> Exercise aim:
Transcribe the data exactly. Pictures stay out.

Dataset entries
☆ ☆ ☆

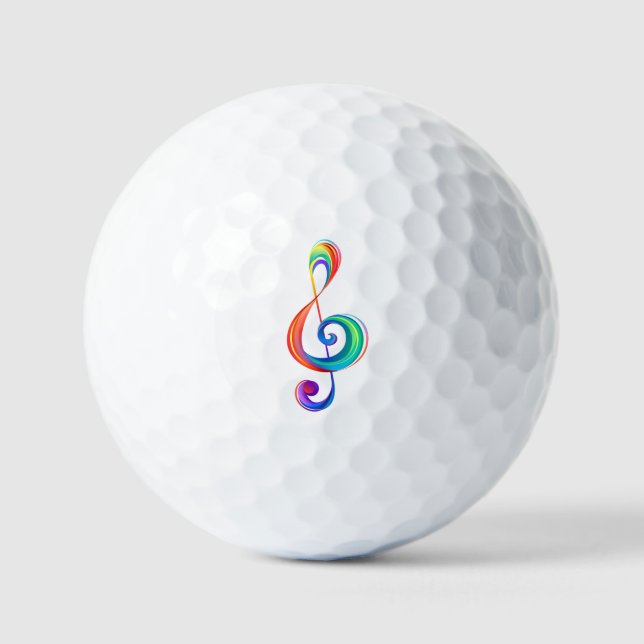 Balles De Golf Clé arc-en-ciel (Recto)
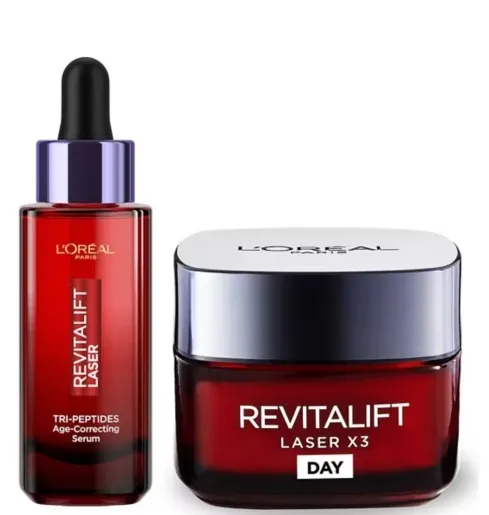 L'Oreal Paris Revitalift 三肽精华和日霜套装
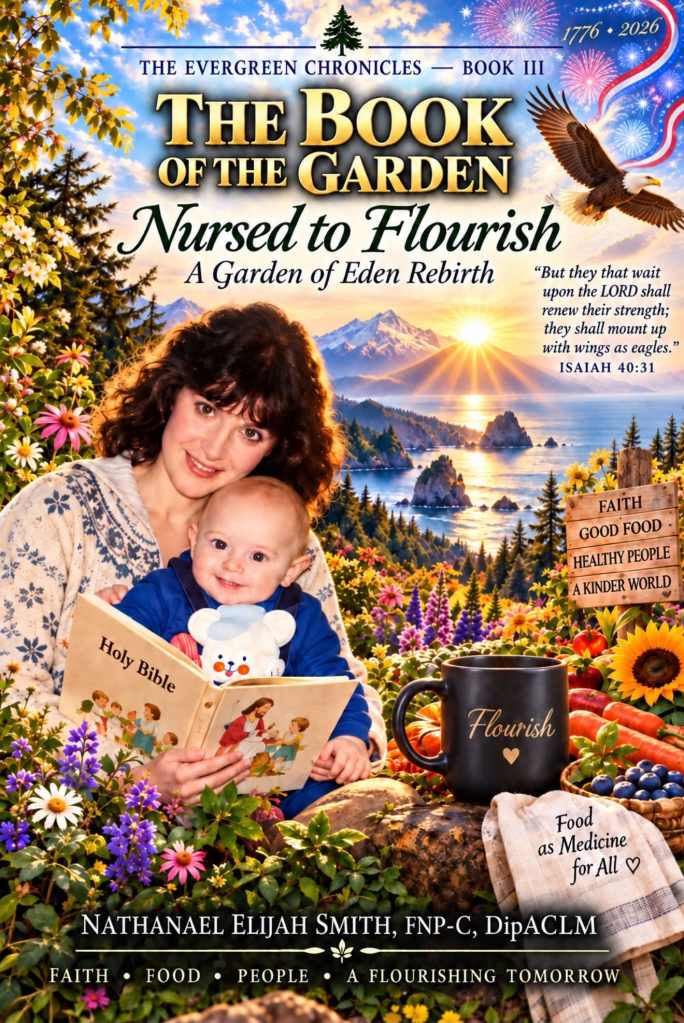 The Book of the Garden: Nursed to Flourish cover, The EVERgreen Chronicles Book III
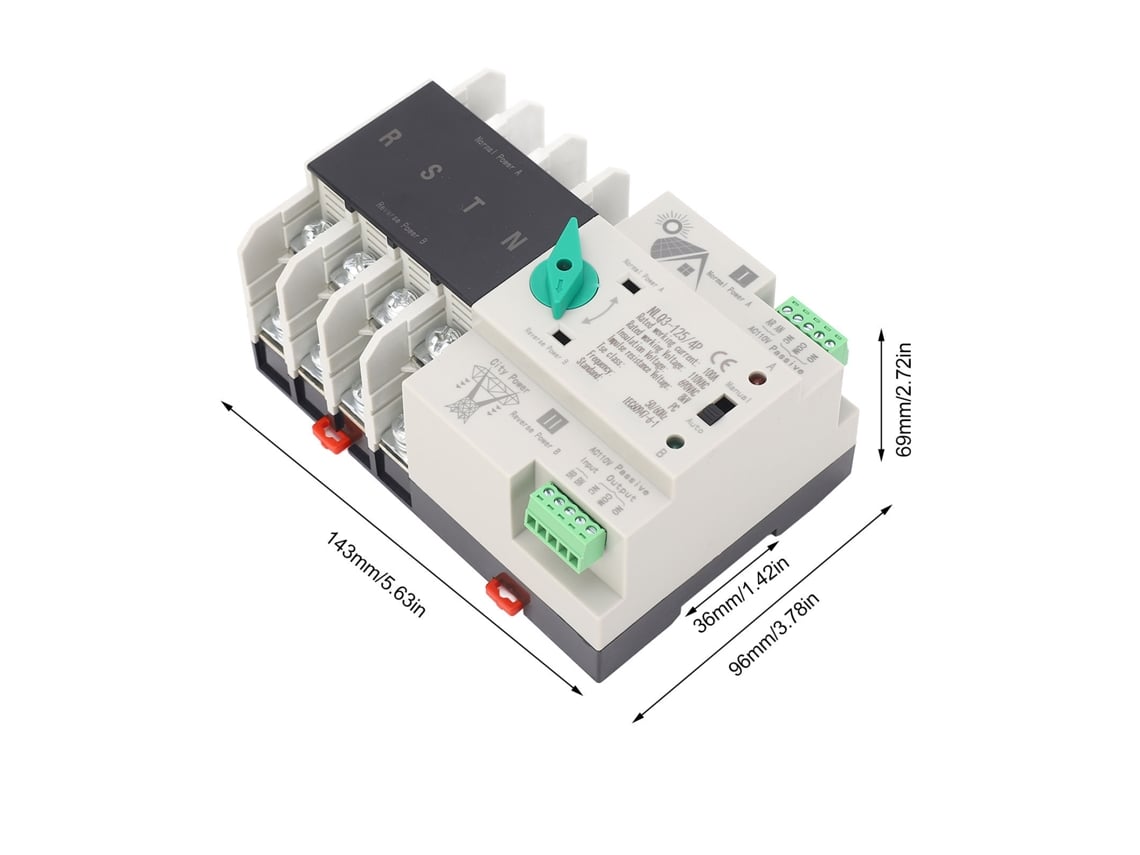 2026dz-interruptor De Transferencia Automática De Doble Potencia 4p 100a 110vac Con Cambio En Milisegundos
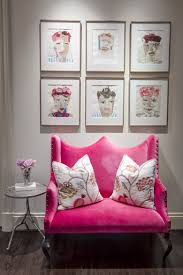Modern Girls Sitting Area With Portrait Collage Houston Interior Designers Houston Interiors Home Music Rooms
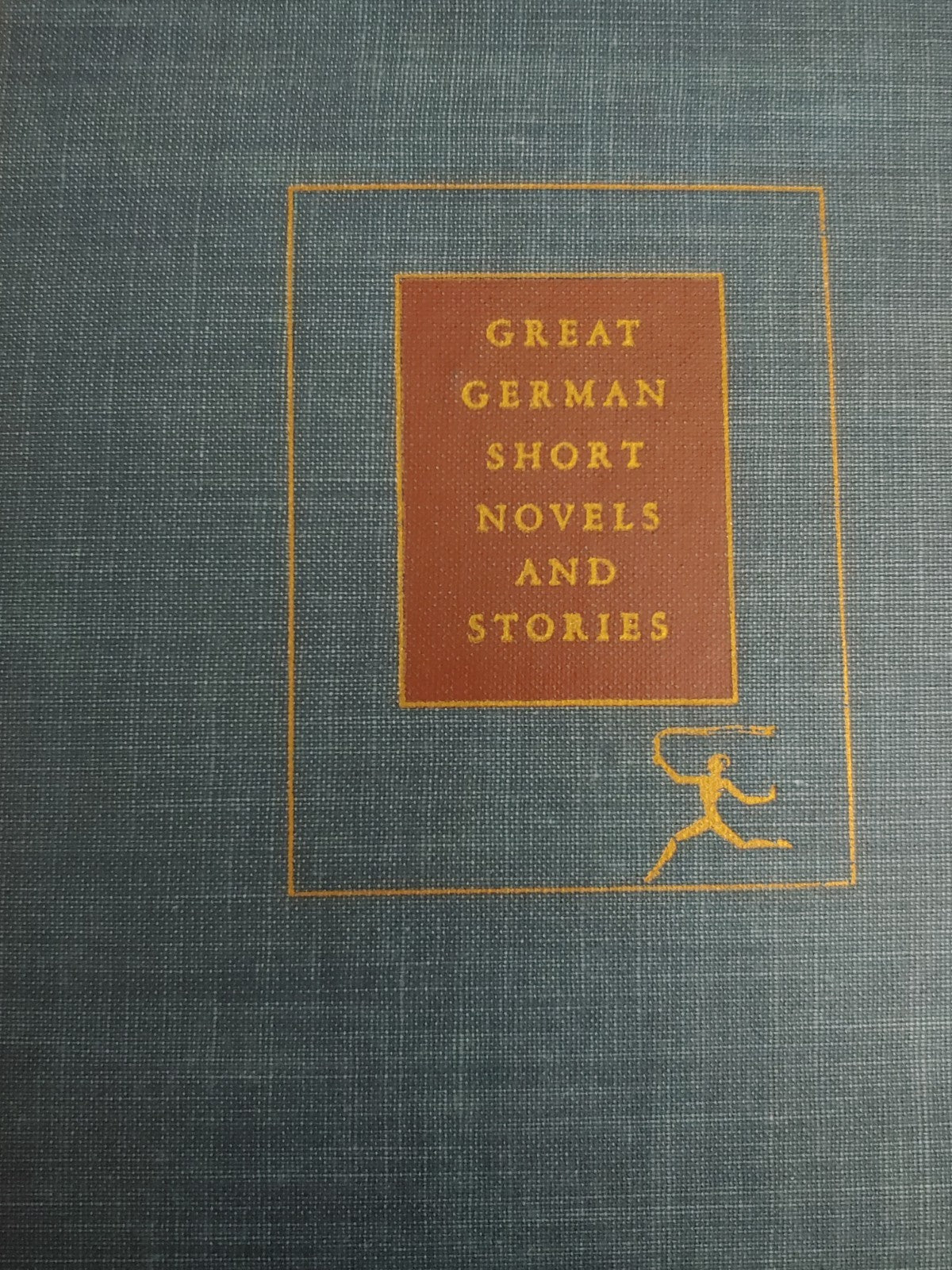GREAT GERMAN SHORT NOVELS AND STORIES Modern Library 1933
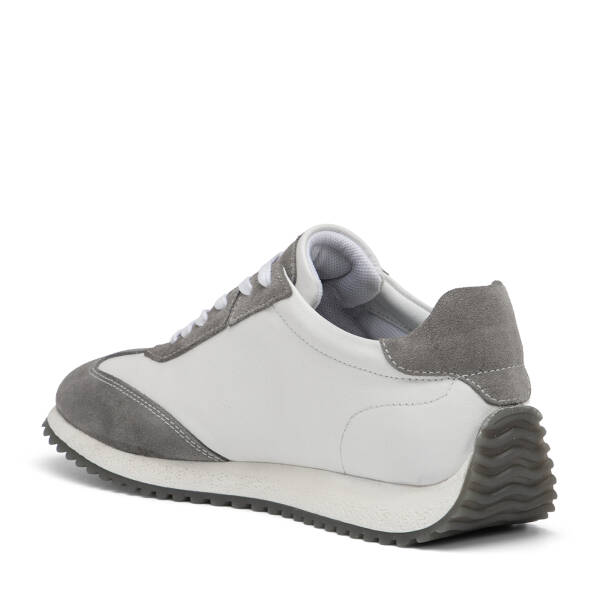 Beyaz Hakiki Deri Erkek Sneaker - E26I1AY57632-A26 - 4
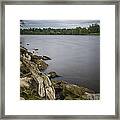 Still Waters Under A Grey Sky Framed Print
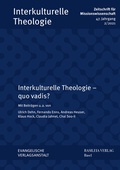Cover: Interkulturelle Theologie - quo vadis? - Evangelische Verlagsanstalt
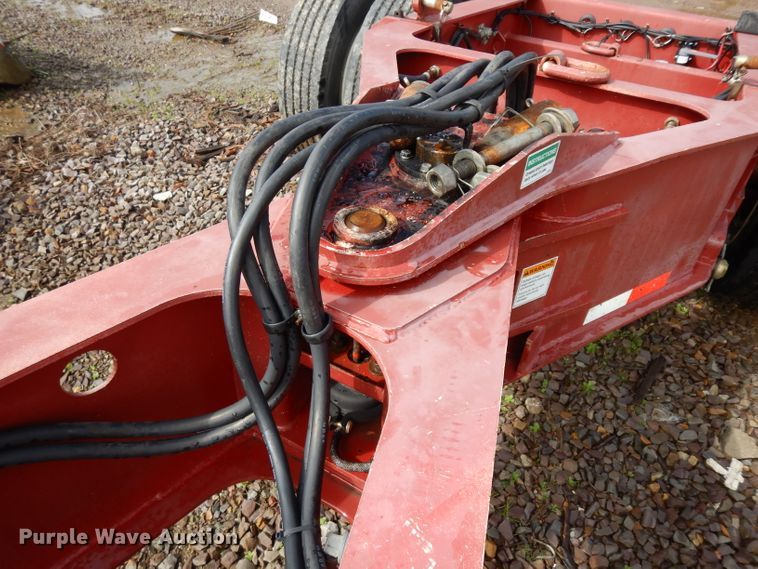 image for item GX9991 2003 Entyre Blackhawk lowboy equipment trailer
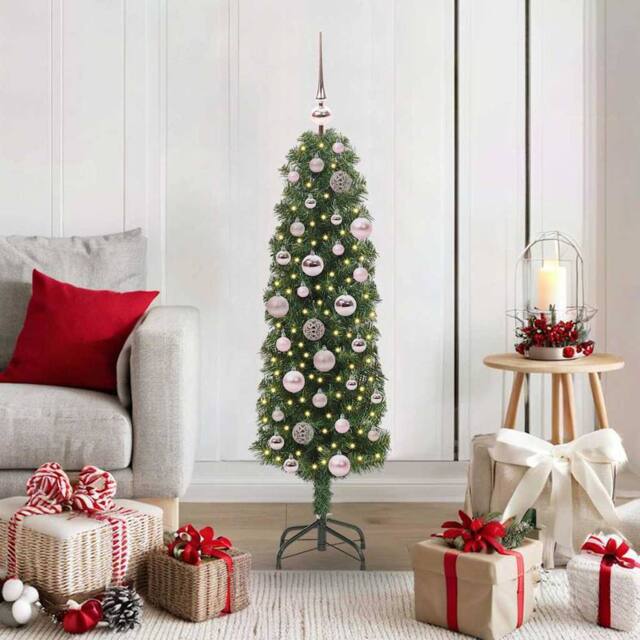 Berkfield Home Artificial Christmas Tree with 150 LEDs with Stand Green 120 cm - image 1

☆ ☆ ☆

> Output of the task:
 Balles De Golf Clé arc-en-ciel (Recto)
 L'Oreal Paris Revitalift 三肽精华和日霜套装
 The Book of the Garden: Nursed to Flourish cover, The EVERgreen Chronicles Book III
 2026dz-interruptor De Transferencia Automática De Doble Potencia 4p 100a 110vac Con Cambio En Milisegundos
Modern Girls Sitting Area With Portrait Collage Houston Interior Designers Houston Interiors Home Music Rooms
GREAT GERMAN SHORT NOVELS AND STORIES Modern Library 1933
 Beyaz Hakiki Deri Erkek Sneaker - E26I1AY57632-A26 - 4
 Still Waters Under A Grey Sky Framed Print
Cover: Interkulturelle Theologie - quo vadis? - Evangelische Verlagsanstalt
 image for item GX9991 2003 Entyre Blackhawk lowboy equipment trailer
 Berkfield Home Artificial Christmas Tree with 150 LEDs with Stand Green 120 cm - image 1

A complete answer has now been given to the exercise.